Following the update on the Mosquito story, i.e. that it is to be switched off at a shop in Newport after questions were raised about human rights issues, the BBC story ‘Anti-gang noise box switched off’ carries an astounding quote from Compound Security, the manufacturers:
“The Merthyr based manufacturer Compound Security Ltd insisted the device does not breach the human rights of young people who can hear it.
Marketing Director Simon Morris said: “The noise has been tested extensively on dogs and cats who are totally unaffected by it.
“The device has a small range and it takes at least 10 minutes for the annoying nature of the noise to take effect.
“People have a right to assemble with others in a peaceful way – without violence or threat of violence.
“We do not consider that this right includes the right of teenagers to congregate for no specific purpose.”“
What? Now people have to have a specific reason for being somewhere? Teenagers don’t have the right to ‘congregate for no specific purpose’? Maybe you should have to get a permit before going outdoors, indicating what purpose your trip has? It’s like living in V for Vendetta.
What makes it even odder is that if groups of people do have a specific purpose for congregating, then that brings public demonstration/gathering/Riot Act-type implications.
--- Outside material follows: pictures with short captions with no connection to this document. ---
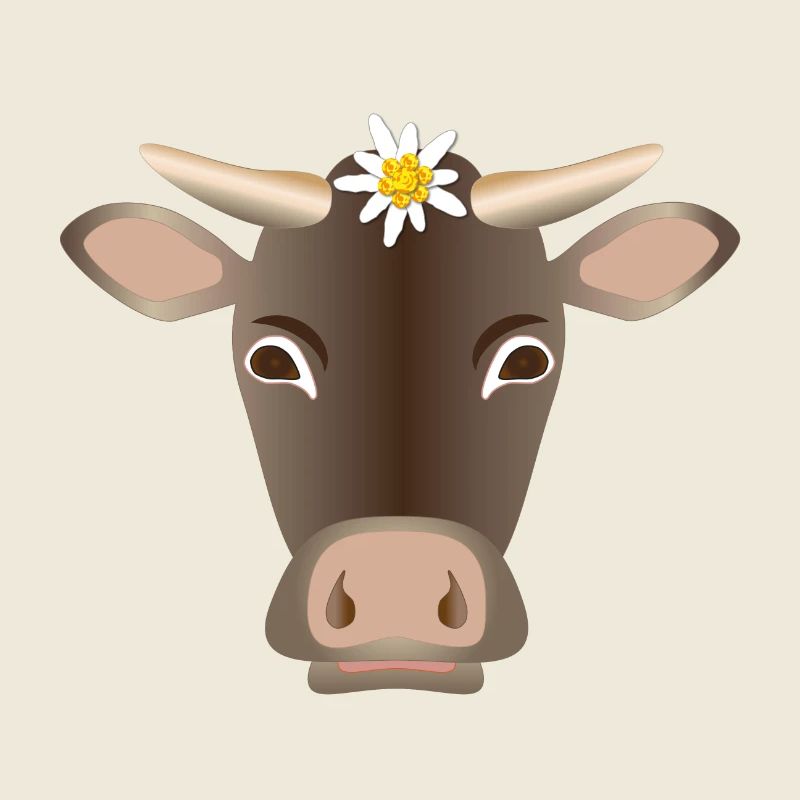 Vache alpine avec edelweiss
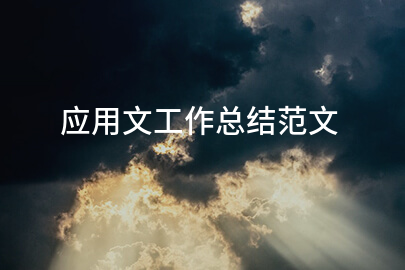 应用文工作总结范文
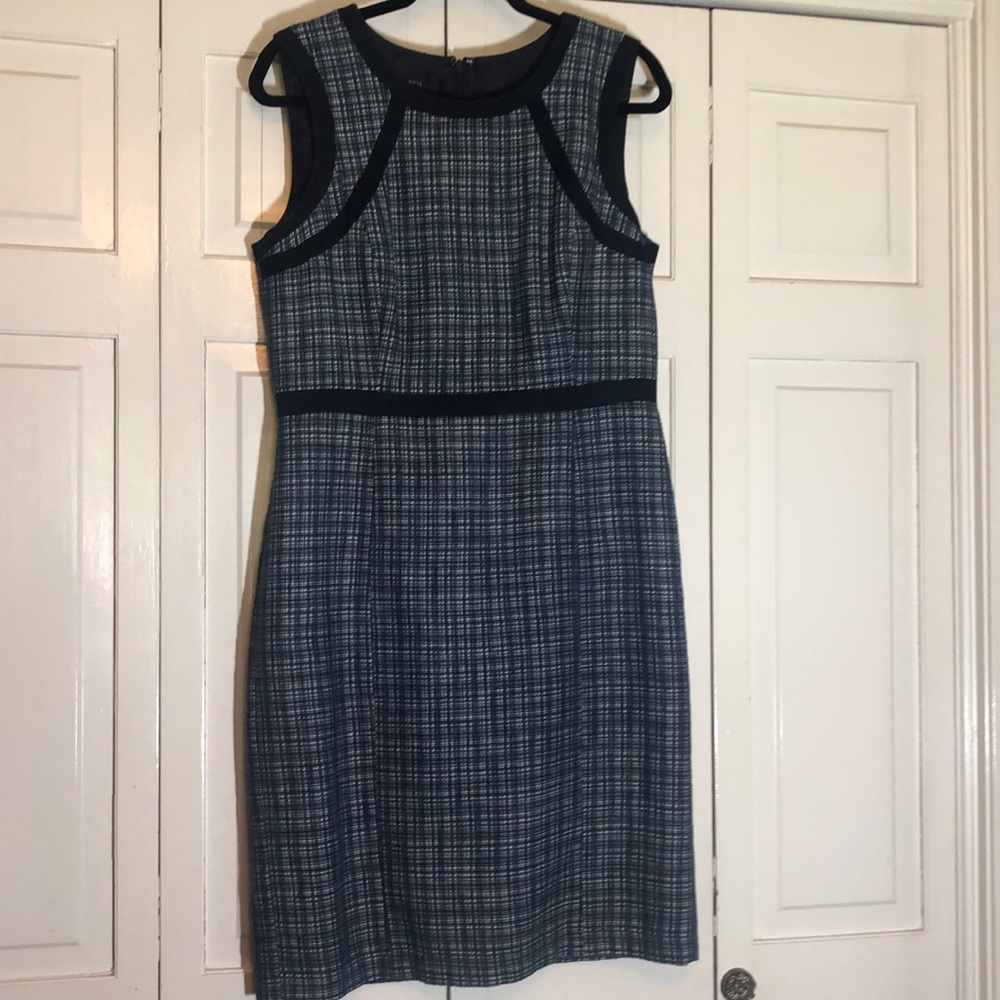 Talbots Tweed Sleeveless Sheath Dress cotton/linen blend navy SZ 10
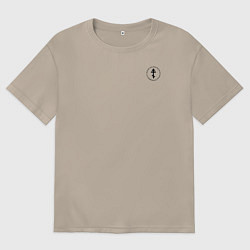 Женская футболка оверсайз Сокрушу пред ним врагов его крест черный на узорно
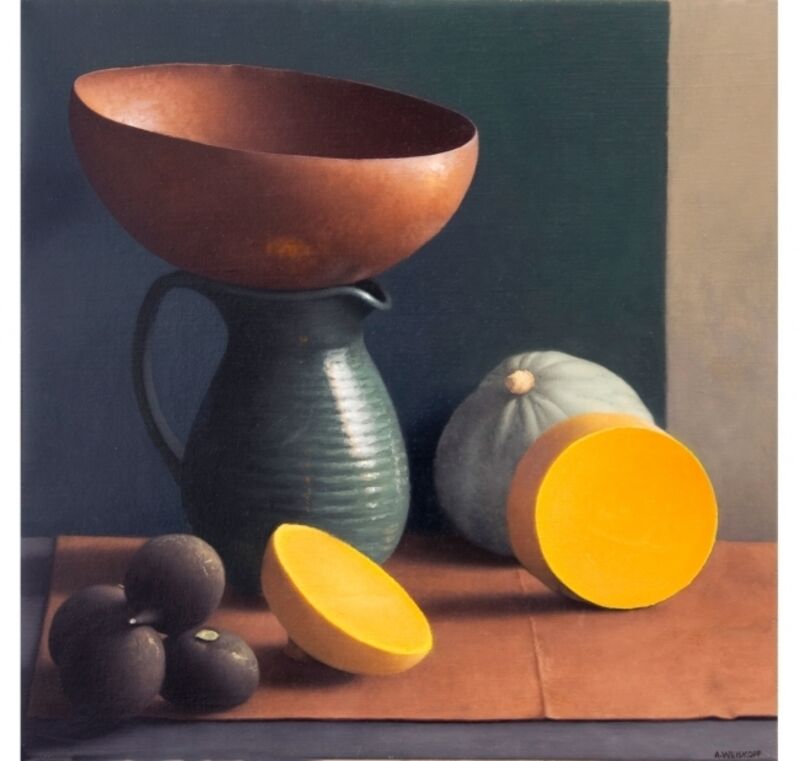 Amy Weiskopf, ‘Still Life with Cut Squash and Copper Bowl’, 2016, Painting, Oil on linen, Clark Gallery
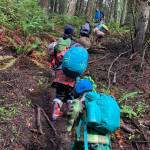 Children participate in a hike as part of one of Olympic Nature Experiences programs. The organization recently received a $5,000 grant from the Benjamin N. Phillips Memorial Fund. Photo courtesy of Olympic Nature Experience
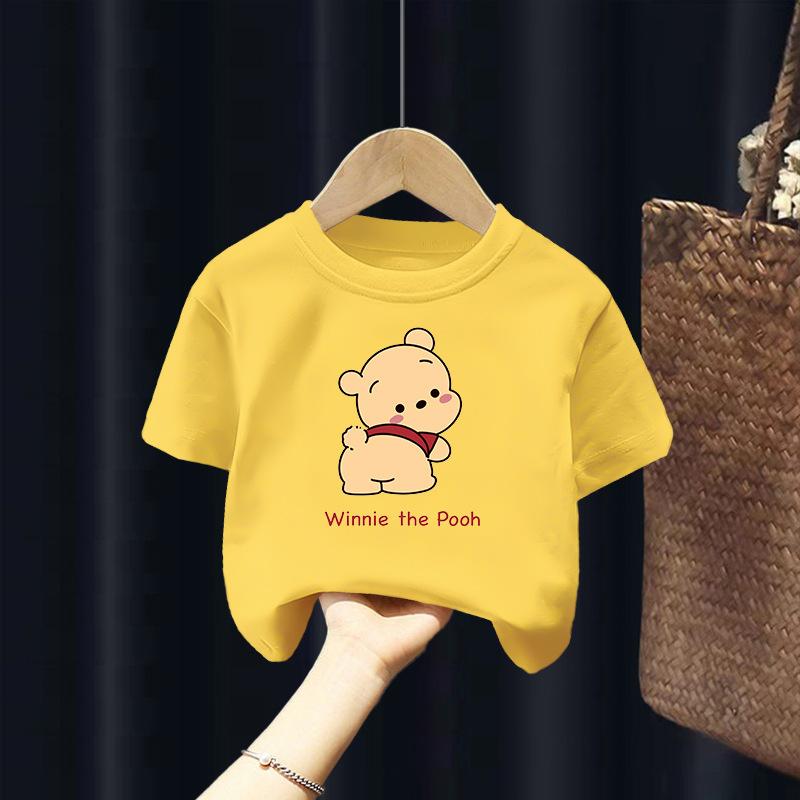 Children's Short-sleeved T-shirt Bear Summer Style Cartoon Top Loose Bottoming Shirt for Large, Medium and Small Children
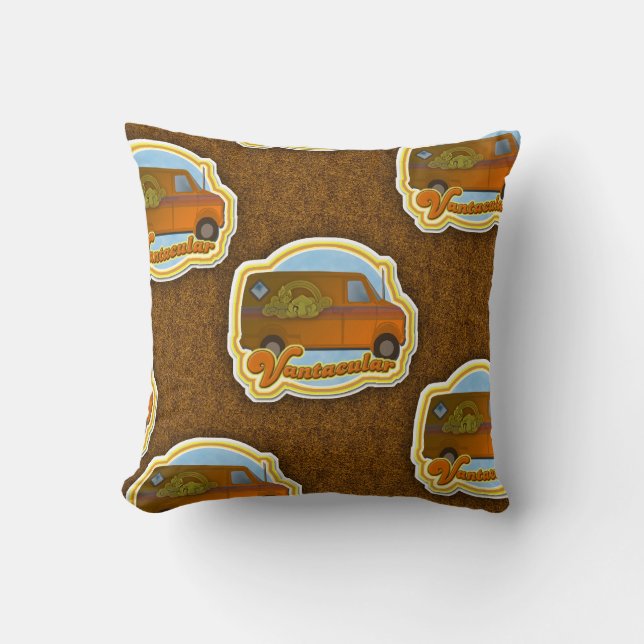 Vantacular fantastic Van Shag Pattern Throw Pillow (Front)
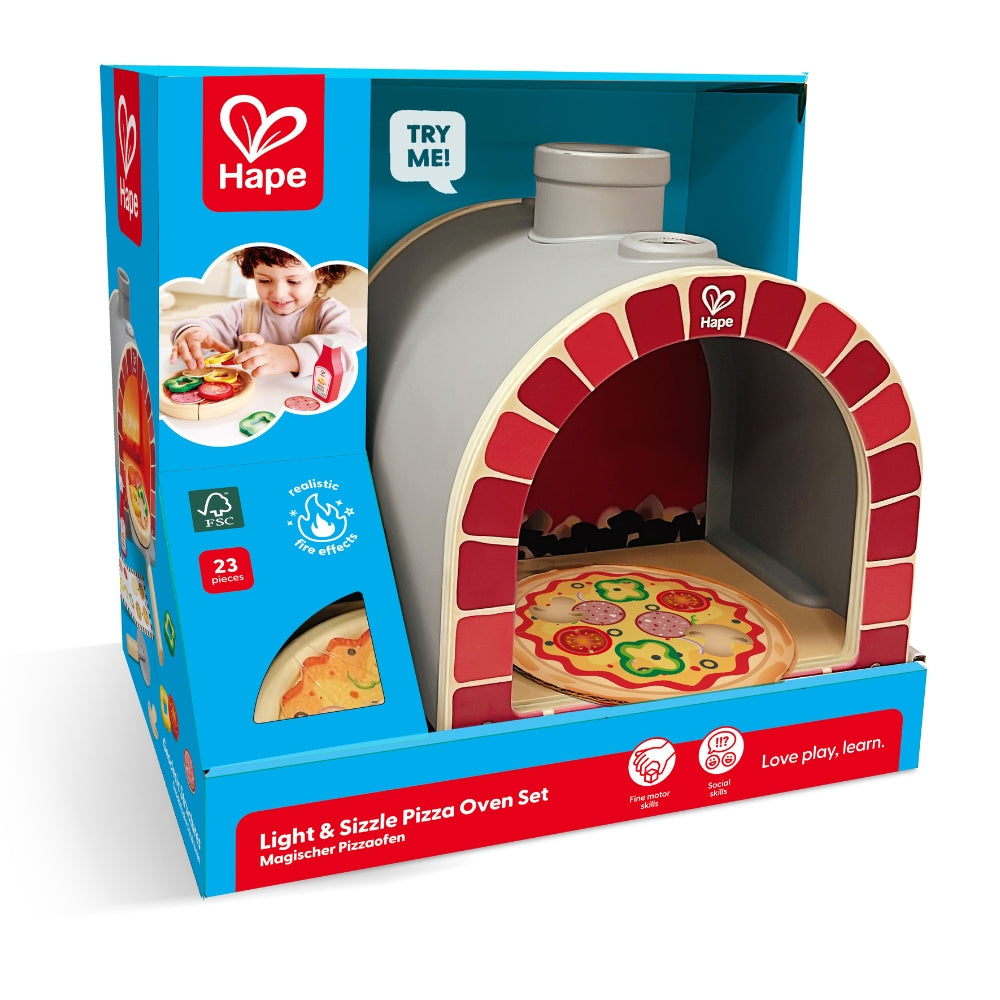 SET INFANTIL HORNO DE PIZZA DE MADERA CON SONIDO Y LUZ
Presumably if the teenagers’ express specific purpose for gathering outside a shop really were ‘to intimidate customers’, that would be OK, then, according to the argument in the quote?
Now I accept the possibility that the quote may have been edited by the BBC, or parts taken out of context, and so on. That’s happened to me before, and it can be embarrassing. But if that quote is accurate, then, well, I’m still too shocked to know what to say.